Celle qui fut bien étonnée, ce soir-là, ce fut Paulette.

— Ma petite, déclara sa tante en pénétrant pour la première fois dans la maisonnette depuis que Mme Wanel y était installée, il paraît que tu ne sais même pas te conduire toute seule ! Dans ce cas il faut te remettre en tutelle ; je me charge de tout ! Tu vas déménager d’ici et venir avec moi ; d’ailleurs, mon ancien domicile, auquel je tiens beaucoup, finirait par tomber en ruine avec une locataire de ton espèce ! À Neufmoulins, je pourrai te surveiller de près et mettre ordre à tes dépenses. Quant à vous, continua la vieille fille, en se tournant vers la bonne, qui était entrée sur ces entrefaites, voilà les gages que ma nièce a été assez naïve pour vous promettre — et elle lui jeta presque à la figure les cent cinquante francs en pièces d’or. Allez chercher vos nippes et débarrassez-moi le plancher sur l’heure.

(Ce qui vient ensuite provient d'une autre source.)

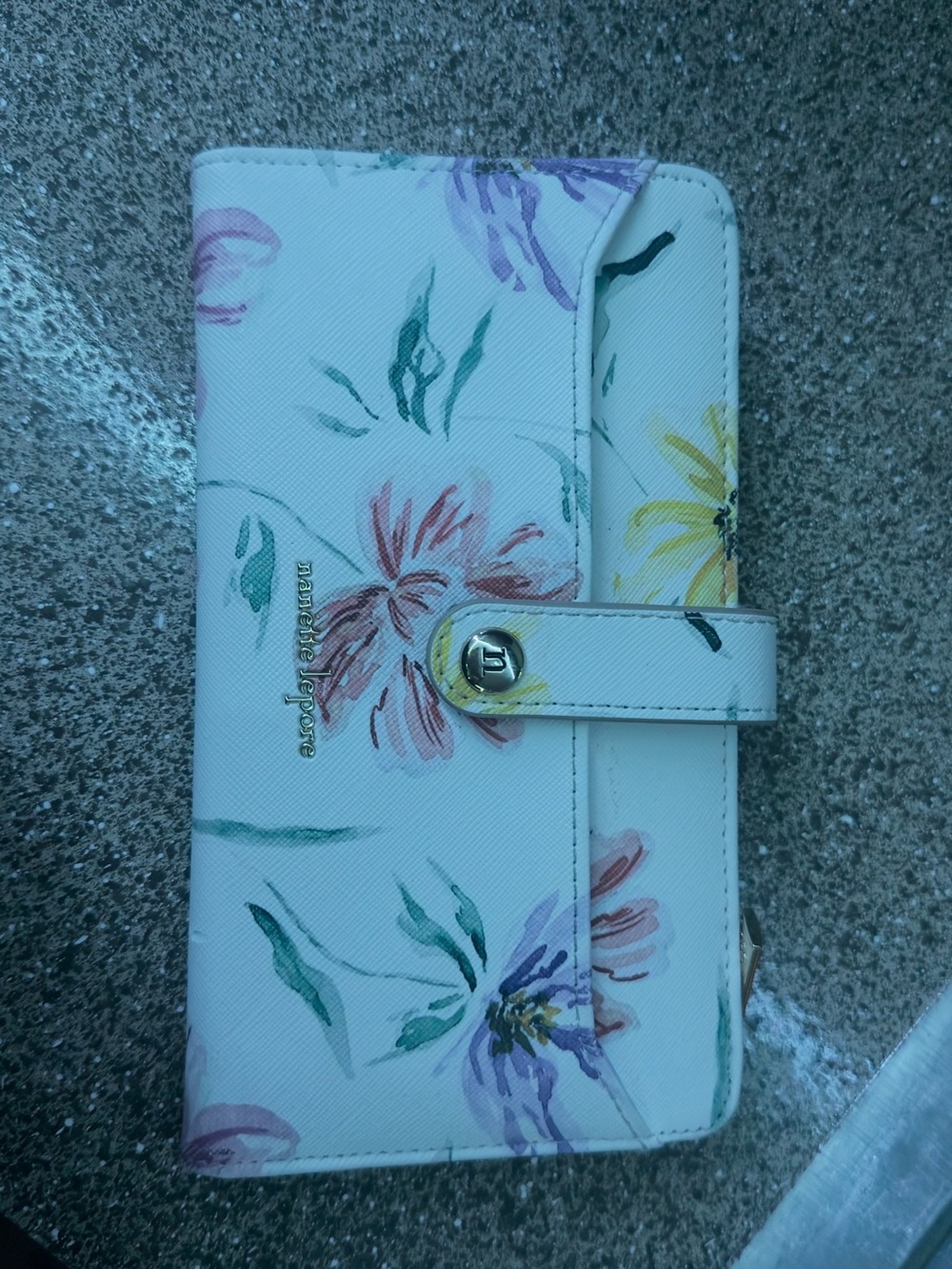 Nanette Lepore White Floral Phone Wallet Case with Pink, Purple, Yellow Accents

On pourra brûler du sucre ici ! Pouah ! Quelle horreur que cette servante ! Décidément, ma nièce, tu n’as la main heureuse en rien ! et je ne te félicite pas de ton personnel. Maintenant je vais t’aider à emballer les choses indispensables, et demain Thomas viendra chercher le reste. Je t’emmène, mais, tu sais, avec moi, il faudra marcher droit !

Le soir même, Paulette, qui n’était pas encore revenue de sa surprise, dînait en compagnie de sa tante, de Thérèse et du jeune régisseur, le commensal ordinaire de la châtelaine.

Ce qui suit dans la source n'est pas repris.